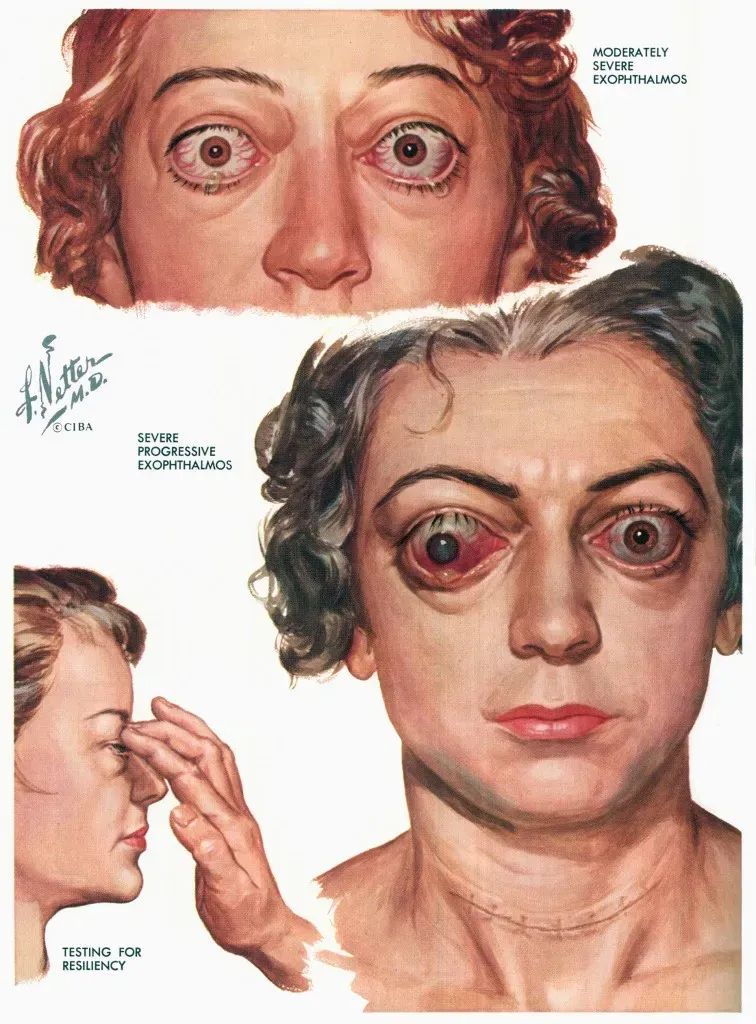 Frank Netter: El médico que dibujó el cuerpo humano para el mundo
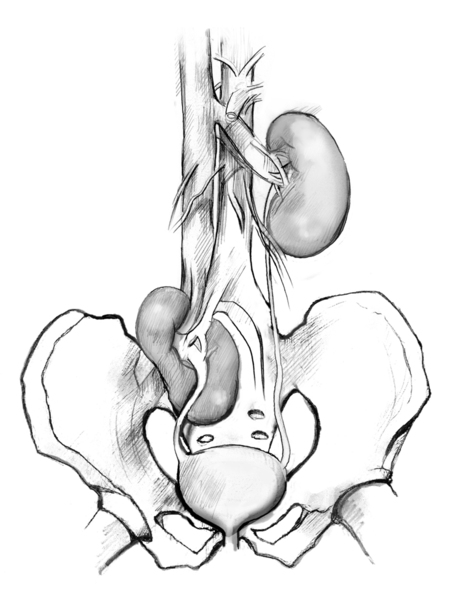 Drawing of a pelvic ectopic kidney, showing the pelvis, bladder, ureters, and kidneys. The kidney on the right is in the normal position, several inches above the bladder. The kidney on the left is an ectopic kidney, just a couple of inches above the blad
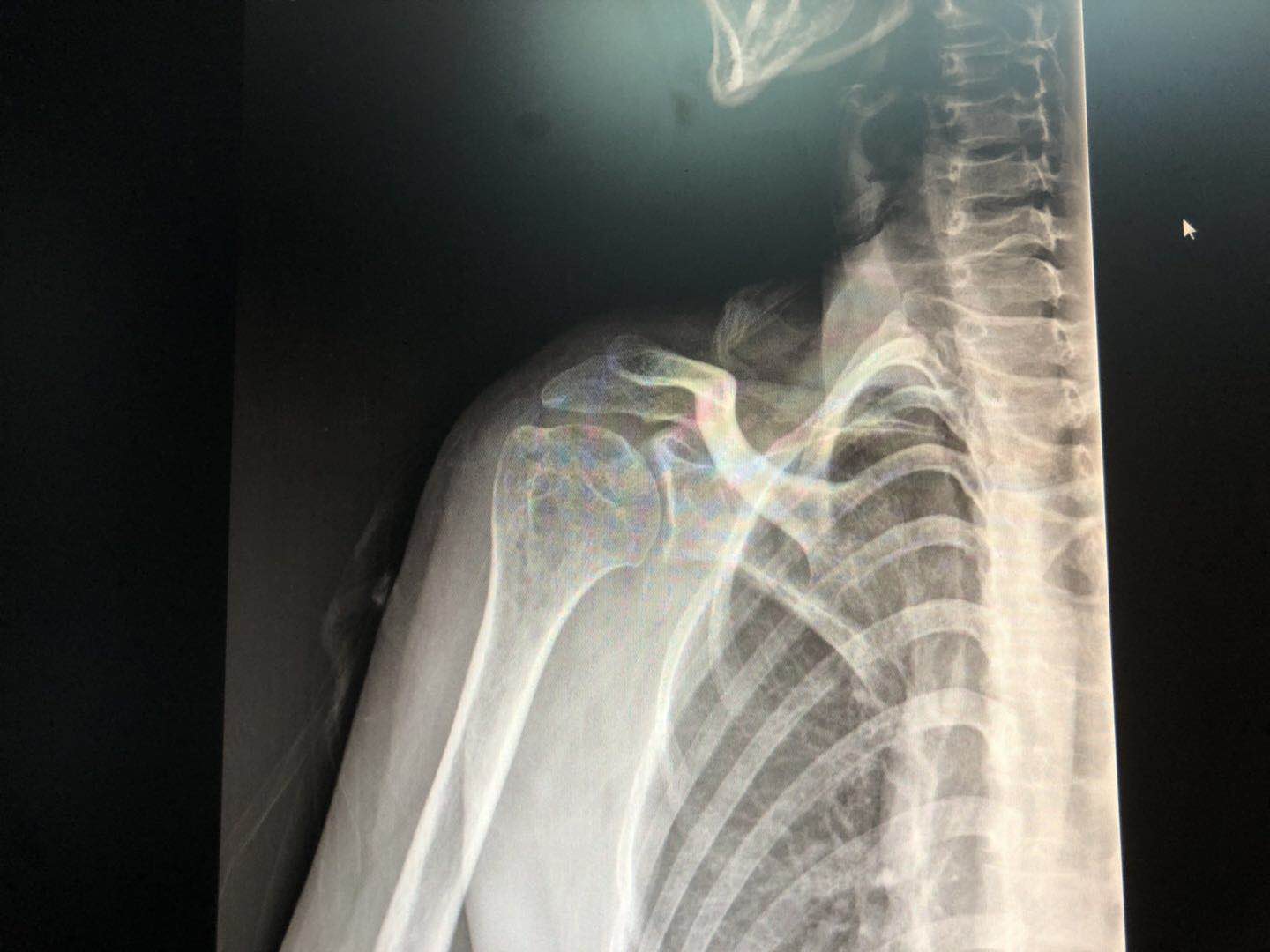 肩周炎手术松解后的锻炼方法图解,肩周炎手术治疗后怎么锻炼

Assignment |
The result should be the same data as above, line for line, with the pictures gone.

Solution |
 Frank Netter: El médico que dibujó el cuerpo humano para el mundo
 Drawing of a pelvic ectopic kidney, showing the pelvis, bladder, ureters, and kidneys. The kidney on the right is in the normal position, several inches above the bladder. The kidney on the left is an ectopic kidney, just a couple of inches above the blad
 肩周炎手术松解后的锻炼方法图解,肩周炎手术治疗后怎么锻炼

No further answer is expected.